◆ EXERCISE DIRECTIONS: Take each line in the entries below that holds "Full" and show it.

=== Section Start ===

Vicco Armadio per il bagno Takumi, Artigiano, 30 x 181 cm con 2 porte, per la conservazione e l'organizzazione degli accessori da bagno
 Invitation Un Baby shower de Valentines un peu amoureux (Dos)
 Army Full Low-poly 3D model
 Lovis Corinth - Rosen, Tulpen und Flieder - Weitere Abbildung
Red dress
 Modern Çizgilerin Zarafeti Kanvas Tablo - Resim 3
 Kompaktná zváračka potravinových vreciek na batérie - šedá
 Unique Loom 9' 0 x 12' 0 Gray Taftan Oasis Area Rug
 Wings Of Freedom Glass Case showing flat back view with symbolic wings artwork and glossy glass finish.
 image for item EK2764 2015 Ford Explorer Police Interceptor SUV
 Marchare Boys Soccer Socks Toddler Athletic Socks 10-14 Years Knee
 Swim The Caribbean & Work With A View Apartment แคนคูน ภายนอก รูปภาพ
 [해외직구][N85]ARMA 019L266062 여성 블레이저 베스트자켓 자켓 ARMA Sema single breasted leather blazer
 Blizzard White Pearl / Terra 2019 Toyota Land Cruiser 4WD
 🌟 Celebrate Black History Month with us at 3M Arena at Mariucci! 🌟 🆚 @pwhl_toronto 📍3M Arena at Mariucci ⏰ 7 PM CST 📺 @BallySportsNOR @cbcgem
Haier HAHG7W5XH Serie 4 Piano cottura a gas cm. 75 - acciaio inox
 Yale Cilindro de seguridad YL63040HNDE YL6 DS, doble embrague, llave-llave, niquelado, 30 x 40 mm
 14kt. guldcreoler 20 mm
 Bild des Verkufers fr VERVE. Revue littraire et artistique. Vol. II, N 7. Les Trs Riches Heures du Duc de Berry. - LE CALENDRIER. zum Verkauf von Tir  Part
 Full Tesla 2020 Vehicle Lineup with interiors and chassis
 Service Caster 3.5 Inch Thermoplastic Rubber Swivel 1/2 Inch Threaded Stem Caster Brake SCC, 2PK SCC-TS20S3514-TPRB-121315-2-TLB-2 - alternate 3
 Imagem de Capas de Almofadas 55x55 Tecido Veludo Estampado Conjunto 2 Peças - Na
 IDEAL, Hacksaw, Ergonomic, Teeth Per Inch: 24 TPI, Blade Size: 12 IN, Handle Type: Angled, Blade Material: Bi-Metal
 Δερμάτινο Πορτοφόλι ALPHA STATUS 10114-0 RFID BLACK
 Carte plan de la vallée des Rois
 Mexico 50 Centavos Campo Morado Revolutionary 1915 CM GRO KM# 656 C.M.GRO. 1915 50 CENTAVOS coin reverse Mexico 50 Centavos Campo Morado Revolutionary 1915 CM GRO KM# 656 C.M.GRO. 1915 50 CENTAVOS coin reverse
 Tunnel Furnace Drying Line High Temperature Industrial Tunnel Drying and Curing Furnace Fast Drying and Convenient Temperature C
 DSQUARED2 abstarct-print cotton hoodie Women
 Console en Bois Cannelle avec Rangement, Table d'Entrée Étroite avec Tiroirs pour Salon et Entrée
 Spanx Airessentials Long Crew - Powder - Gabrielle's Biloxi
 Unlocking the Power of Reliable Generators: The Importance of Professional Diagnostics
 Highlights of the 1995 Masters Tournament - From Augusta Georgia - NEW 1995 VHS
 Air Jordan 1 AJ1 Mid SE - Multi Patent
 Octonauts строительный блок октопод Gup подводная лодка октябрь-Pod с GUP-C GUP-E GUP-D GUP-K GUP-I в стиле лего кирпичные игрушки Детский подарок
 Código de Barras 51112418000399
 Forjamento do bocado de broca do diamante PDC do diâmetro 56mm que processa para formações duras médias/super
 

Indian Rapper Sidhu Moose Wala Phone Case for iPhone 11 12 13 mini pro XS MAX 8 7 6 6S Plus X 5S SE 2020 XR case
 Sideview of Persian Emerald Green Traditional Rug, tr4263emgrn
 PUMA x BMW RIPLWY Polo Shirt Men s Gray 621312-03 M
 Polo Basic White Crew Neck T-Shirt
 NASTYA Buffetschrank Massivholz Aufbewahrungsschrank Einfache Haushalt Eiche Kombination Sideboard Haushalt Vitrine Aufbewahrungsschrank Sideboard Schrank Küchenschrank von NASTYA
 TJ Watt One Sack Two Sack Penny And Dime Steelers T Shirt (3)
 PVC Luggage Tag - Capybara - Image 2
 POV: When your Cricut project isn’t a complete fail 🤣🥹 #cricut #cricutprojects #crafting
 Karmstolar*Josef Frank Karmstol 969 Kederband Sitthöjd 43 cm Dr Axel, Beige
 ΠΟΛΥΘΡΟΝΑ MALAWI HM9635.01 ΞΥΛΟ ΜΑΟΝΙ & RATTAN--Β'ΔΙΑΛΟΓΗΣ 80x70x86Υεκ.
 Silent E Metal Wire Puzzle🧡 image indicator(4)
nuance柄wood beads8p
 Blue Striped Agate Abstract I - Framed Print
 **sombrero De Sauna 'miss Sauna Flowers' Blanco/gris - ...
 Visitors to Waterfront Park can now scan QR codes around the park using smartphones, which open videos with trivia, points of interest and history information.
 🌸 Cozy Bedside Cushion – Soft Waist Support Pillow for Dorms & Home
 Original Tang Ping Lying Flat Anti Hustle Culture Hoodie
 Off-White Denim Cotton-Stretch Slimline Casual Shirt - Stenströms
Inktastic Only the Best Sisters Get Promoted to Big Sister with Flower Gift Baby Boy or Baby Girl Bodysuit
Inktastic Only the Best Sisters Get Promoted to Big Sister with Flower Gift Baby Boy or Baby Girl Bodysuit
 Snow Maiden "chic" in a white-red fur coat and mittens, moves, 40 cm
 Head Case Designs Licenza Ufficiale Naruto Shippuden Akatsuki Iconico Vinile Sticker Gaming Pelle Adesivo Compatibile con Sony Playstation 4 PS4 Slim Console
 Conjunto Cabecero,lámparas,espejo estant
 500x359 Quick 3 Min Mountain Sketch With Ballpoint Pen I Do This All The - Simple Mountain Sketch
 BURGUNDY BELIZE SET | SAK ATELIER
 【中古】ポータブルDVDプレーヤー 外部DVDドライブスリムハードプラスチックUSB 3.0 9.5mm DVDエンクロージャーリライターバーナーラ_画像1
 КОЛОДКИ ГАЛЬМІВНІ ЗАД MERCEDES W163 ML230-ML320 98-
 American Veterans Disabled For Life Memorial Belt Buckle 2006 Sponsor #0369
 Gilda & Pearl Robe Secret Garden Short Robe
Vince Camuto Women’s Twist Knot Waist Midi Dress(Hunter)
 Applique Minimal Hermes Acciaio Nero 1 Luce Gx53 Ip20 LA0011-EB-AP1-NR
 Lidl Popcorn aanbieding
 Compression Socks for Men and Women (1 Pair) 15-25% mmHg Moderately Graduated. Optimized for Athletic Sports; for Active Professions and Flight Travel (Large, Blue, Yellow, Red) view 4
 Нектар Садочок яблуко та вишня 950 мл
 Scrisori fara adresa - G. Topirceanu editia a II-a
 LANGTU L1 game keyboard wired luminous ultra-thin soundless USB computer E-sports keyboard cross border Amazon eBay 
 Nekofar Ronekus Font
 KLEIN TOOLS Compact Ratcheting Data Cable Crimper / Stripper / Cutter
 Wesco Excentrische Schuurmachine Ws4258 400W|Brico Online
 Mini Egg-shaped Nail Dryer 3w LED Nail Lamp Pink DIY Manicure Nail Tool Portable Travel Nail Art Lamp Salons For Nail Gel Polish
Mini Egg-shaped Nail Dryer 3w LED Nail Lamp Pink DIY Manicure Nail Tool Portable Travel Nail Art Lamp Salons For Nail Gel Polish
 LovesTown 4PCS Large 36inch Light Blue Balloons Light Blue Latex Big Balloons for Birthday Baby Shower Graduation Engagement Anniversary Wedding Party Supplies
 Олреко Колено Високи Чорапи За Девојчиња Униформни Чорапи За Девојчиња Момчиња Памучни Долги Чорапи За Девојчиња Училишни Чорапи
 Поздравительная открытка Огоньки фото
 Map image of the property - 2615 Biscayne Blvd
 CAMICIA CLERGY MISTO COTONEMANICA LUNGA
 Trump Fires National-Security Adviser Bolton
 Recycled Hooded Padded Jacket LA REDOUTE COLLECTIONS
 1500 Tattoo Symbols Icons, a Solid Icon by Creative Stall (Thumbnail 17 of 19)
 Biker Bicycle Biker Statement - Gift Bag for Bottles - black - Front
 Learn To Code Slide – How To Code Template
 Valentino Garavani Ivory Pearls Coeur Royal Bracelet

=== Section End ===

◆ YOUR RESPONSE:
 Army Full Low-poly 3D model
 Full Tesla 2020 Vehicle Lineup with interiors and chassis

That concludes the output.